┌──

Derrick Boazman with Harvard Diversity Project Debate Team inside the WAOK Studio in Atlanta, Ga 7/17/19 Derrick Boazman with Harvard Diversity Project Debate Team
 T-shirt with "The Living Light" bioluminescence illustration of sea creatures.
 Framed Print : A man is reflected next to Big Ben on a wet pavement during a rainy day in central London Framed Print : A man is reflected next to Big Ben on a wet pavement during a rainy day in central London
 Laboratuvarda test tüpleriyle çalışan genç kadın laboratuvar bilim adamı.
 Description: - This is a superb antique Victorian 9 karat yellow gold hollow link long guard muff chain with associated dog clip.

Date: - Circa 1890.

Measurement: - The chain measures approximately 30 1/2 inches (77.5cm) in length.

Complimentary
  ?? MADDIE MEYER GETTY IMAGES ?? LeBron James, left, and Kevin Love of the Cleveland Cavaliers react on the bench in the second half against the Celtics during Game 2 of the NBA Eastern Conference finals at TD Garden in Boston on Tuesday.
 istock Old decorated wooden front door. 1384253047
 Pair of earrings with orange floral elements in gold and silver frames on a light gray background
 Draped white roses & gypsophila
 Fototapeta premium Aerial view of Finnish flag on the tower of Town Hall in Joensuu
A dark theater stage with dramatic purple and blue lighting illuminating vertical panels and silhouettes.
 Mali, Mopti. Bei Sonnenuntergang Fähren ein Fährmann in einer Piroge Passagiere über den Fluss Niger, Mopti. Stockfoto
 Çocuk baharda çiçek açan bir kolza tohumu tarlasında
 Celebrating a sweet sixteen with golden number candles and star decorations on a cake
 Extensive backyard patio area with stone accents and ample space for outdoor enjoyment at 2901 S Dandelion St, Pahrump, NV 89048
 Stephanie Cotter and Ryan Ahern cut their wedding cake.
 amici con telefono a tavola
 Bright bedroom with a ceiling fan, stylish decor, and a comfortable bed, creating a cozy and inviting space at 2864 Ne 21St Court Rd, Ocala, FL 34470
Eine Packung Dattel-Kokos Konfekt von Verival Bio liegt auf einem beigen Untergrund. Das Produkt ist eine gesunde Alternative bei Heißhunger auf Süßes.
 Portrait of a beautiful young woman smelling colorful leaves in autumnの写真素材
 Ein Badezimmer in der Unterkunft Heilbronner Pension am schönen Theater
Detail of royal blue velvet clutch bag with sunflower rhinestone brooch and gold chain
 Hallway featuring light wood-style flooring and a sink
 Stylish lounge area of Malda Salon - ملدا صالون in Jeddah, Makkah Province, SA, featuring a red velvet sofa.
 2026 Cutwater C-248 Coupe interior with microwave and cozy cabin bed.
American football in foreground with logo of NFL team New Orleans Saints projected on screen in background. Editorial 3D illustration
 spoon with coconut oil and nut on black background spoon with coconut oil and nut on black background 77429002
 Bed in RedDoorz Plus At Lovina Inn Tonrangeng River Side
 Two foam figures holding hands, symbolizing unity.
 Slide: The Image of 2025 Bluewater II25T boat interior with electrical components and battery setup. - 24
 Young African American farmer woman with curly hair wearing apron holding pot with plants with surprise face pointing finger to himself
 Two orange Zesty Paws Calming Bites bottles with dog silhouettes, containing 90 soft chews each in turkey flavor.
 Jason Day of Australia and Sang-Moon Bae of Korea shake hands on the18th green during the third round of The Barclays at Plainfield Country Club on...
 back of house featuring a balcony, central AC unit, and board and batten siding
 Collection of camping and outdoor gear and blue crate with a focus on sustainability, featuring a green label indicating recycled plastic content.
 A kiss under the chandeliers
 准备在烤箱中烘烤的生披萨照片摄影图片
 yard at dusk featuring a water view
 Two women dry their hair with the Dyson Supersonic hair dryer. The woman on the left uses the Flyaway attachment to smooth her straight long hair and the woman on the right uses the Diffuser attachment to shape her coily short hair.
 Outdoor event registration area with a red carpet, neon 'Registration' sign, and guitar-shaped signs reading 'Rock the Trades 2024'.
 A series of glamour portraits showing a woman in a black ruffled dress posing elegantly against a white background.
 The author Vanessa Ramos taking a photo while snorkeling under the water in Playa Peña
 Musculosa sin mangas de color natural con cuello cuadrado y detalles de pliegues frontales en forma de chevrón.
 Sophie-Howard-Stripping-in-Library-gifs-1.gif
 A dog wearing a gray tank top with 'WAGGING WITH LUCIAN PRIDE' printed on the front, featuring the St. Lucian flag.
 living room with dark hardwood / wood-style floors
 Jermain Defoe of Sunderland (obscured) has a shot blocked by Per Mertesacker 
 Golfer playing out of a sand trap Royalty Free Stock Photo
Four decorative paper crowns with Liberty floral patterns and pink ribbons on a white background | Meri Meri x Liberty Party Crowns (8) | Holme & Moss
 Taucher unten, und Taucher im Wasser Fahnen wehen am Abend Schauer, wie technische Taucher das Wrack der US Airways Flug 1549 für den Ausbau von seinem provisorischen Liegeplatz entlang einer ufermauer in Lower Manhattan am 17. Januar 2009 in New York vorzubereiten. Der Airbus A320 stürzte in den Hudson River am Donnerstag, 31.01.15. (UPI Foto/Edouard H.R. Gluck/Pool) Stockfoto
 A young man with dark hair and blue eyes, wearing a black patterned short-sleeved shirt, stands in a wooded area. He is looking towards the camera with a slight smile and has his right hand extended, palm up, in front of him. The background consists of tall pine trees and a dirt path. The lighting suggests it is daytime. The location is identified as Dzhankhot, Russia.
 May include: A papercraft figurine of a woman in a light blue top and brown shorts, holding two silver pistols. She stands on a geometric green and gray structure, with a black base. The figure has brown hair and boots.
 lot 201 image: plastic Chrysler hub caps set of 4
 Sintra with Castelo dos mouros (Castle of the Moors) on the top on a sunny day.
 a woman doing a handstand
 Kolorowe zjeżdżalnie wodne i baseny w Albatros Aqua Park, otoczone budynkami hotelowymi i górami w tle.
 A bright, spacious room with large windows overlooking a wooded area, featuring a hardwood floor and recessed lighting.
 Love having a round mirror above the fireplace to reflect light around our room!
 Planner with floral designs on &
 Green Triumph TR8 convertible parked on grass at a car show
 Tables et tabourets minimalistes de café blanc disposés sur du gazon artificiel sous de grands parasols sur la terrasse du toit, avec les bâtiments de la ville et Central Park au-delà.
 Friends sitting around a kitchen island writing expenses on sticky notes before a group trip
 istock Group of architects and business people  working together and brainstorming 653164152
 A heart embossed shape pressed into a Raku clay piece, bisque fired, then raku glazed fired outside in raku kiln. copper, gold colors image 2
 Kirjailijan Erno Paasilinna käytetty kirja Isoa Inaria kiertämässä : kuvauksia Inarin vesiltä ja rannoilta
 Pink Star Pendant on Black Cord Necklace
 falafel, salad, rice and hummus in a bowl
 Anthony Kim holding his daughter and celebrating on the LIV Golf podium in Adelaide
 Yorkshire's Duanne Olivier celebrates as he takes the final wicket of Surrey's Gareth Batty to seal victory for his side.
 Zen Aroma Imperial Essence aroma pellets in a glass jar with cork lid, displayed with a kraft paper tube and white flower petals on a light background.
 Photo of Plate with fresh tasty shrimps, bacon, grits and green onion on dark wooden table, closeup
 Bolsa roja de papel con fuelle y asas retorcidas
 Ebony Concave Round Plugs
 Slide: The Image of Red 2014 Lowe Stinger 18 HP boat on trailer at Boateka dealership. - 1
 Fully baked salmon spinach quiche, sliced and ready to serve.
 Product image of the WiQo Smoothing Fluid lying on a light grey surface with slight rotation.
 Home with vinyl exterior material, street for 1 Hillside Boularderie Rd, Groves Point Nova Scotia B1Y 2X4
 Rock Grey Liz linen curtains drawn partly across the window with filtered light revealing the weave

└──

Work item
Write out the data again in full. Match it exactly.

Response to the exercise
Derrick Boazman with Harvard Diversity Project Debate Team inside the WAOK Studio in Atlanta, Ga 7/17/19 Derrick Boazman with Harvard Diversity Project Debate Team
 T-shirt with "The Living Light" bioluminescence illustration of sea creatures.
 Framed Print : A man is reflected next to Big Ben on a wet pavement during a rainy day in central London Framed Print : A man is reflected next to Big Ben on a wet pavement during a rainy day in central London
 Laboratuvarda test tüpleriyle çalışan genç kadın laboratuvar bilim adamı.
 Description: - This is a superb antique Victorian 9 karat yellow gold hollow link long guard muff chain with associated dog clip.

Date: - Circa 1890.

Measurement: - The chain measures approximately 30 1/2 inches (77.5cm) in length.

Complimentary
  ?? MADDIE MEYER GETTY IMAGES ?? LeBron James, left, and Kevin Love of the Cleveland Cavaliers react on the bench in the second half against the Celtics during Game 2 of the NBA Eastern Conference finals at TD Garden in Boston on Tuesday.
 istock Old decorated wooden front door. 1384253047
 Pair of earrings with orange floral elements in gold and silver frames on a light gray background
 Draped white roses & gypsophila
 Fototapeta premium Aerial view of Finnish flag on the tower of Town Hall in Joensuu
A dark theater stage with dramatic purple and blue lighting illuminating vertical panels and silhouettes.
 Mali, Mopti. Bei Sonnenuntergang Fähren ein Fährmann in einer Piroge Passagiere über den Fluss Niger, Mopti. Stockfoto
 Çocuk baharda çiçek açan bir kolza tohumu tarlasında
 Celebrating a sweet sixteen with golden number candles and star decorations on a cake
 Extensive backyard patio area with stone accents and ample space for outdoor enjoyment at 2901 S Dandelion St, Pahrump, NV 89048
 Stephanie Cotter and Ryan Ahern cut their wedding cake.
 amici con telefono a tavola
 Bright bedroom with a ceiling fan, stylish decor, and a comfortable bed, creating a cozy and inviting space at 2864 Ne 21St Court Rd, Ocala, FL 34470
Eine Packung Dattel-Kokos Konfekt von Verival Bio liegt auf einem beigen Untergrund. Das Produkt ist eine gesunde Alternative bei Heißhunger auf Süßes.
 Portrait of a beautiful young woman smelling colorful leaves in autumnの写真素材
 Ein Badezimmer in der Unterkunft Heilbronner Pension am schönen Theater
Detail of royal blue velvet clutch bag with sunflower rhinestone brooch and gold chain
 Hallway featuring light wood-style flooring and a sink
 Stylish lounge area of Malda Salon - ملدا صالون in Jeddah, Makkah Province, SA, featuring a red velvet sofa.
 2026 Cutwater C-248 Coupe interior with microwave and cozy cabin bed.
American football in foreground with logo of NFL team New Orleans Saints projected on screen in background. Editorial 3D illustration
 spoon with coconut oil and nut on black background spoon with coconut oil and nut on black background 77429002
 Bed in RedDoorz Plus At Lovina Inn Tonrangeng River Side
 Two foam figures holding hands, symbolizing unity.
 Slide: The Image of 2025 Bluewater II25T boat interior with electrical components and battery setup. - 24
 Young African American farmer woman with curly hair wearing apron holding pot with plants with surprise face pointing finger to himself
 Two orange Zesty Paws Calming Bites bottles with dog silhouettes, containing 90 soft chews each in turkey flavor.
 Jason Day of Australia and Sang-Moon Bae of Korea shake hands on the18th green during the third round of The Barclays at Plainfield Country Club on...
 back of house featuring a balcony, central AC unit, and board and batten siding
 Collection of camping and outdoor gear and blue crate with a focus on sustainability, featuring a green label indicating recycled plastic content.
 A kiss under the chandeliers
 准备在烤箱中烘烤的生披萨照片摄影图片
 yard at dusk featuring a water view
 Two women dry their hair with the Dyson Supersonic hair dryer. The woman on the left uses the Flyaway attachment to smooth her straight long hair and the woman on the right uses the Diffuser attachment to shape her coily short hair.
 Outdoor event registration area with a red carpet, neon 'Registration' sign, and guitar-shaped signs reading 'Rock the Trades 2024'.
 A series of glamour portraits showing a woman in a black ruffled dress posing elegantly against a white background.
 The author Vanessa Ramos taking a photo while snorkeling under the water in Playa Peña
 Musculosa sin mangas de color natural con cuello cuadrado y detalles de pliegues frontales en forma de chevrón.
 Sophie-Howard-Stripping-in-Library-gifs-1.gif
 A dog wearing a gray tank top with 'WAGGING WITH LUCIAN PRIDE' printed on the front, featuring the St. Lucian flag.
 living room with dark hardwood / wood-style floors
 Jermain Defoe of Sunderland (obscured) has a shot blocked by Per Mertesacker 
 Golfer playing out of a sand trap Royalty Free Stock Photo
Four decorative paper crowns with Liberty floral patterns and pink ribbons on a white background | Meri Meri x Liberty Party Crowns (8) | Holme & Moss
 Taucher unten, und Taucher im Wasser Fahnen wehen am Abend Schauer, wie technische Taucher das Wrack der US Airways Flug 1549 für den Ausbau von seinem provisorischen Liegeplatz entlang einer ufermauer in Lower Manhattan am 17. Januar 2009 in New York vorzubereiten. Der Airbus A320 stürzte in den Hudson River am Donnerstag, 31.01.15. (UPI Foto/Edouard H.R. Gluck/Pool) Stockfoto
 A young man with dark hair and blue eyes, wearing a black patterned short-sleeved shirt, stands in a wooded area. He is looking towards the camera with a slight smile and has his right hand extended, palm up, in front of him. The background consists of tall pine trees and a dirt path. The lighting suggests it is daytime. The location is identified as Dzhankhot, Russia.
 May include: A papercraft figurine of a woman in a light blue top and brown shorts, holding two silver pistols. She stands on a geometric green and gray structure, with a black base. The figure has brown hair and boots.
 lot 201 image: plastic Chrysler hub caps set of 4
 Sintra with Castelo dos mouros (Castle of the Moors) on the top on a sunny day.
 a woman doing a handstand
 Kolorowe zjeżdżalnie wodne i baseny w Albatros Aqua Park, otoczone budynkami hotelowymi i górami w tle.
 A bright, spacious room with large windows overlooking a wooded area, featuring a hardwood floor and recessed lighting.
 Love having a round mirror above the fireplace to reflect light around our room!
 Planner with floral designs on &
 Green Triumph TR8 convertible parked on grass at a car show
 Tables et tabourets minimalistes de café blanc disposés sur du gazon artificiel sous de grands parasols sur la terrasse du toit, avec les bâtiments de la ville et Central Park au-delà.
 Friends sitting around a kitchen island writing expenses on sticky notes before a group trip
 istock Group of architects and business people  working together and brainstorming 653164152
 A heart embossed shape pressed into a Raku clay piece, bisque fired, then raku glazed fired outside in raku kiln. copper, gold colors image 2
 Kirjailijan Erno Paasilinna käytetty kirja Isoa Inaria kiertämässä : kuvauksia Inarin vesiltä ja rannoilta
 Pink Star Pendant on Black Cord Necklace
 falafel, salad, rice and hummus in a bowl
 Anthony Kim holding his daughter and celebrating on the LIV Golf podium in Adelaide
 Yorkshire's Duanne Olivier celebrates as he takes the final wicket of Surrey's Gareth Batty to seal victory for his side.
 Zen Aroma Imperial Essence aroma pellets in a glass jar with cork lid, displayed with a kraft paper tube and white flower petals on a light background.
 Photo of Plate with fresh tasty shrimps, bacon, grits and green onion on dark wooden table, closeup
 Bolsa roja de papel con fuelle y asas retorcidas
 Ebony Concave Round Plugs
 Slide: The Image of Red 2014 Lowe Stinger 18 HP boat on trailer at Boateka dealership. - 1
 Fully baked salmon spinach quiche, sliced and ready to serve.
 Product image of the WiQo Smoothing Fluid lying on a light grey surface with slight rotation.
 Home with vinyl exterior material, street for 1 Hillside Boularderie Rd, Groves Point Nova Scotia B1Y 2X4
 Rock Grey Liz linen curtains drawn partly across the window with filtered light revealing the weave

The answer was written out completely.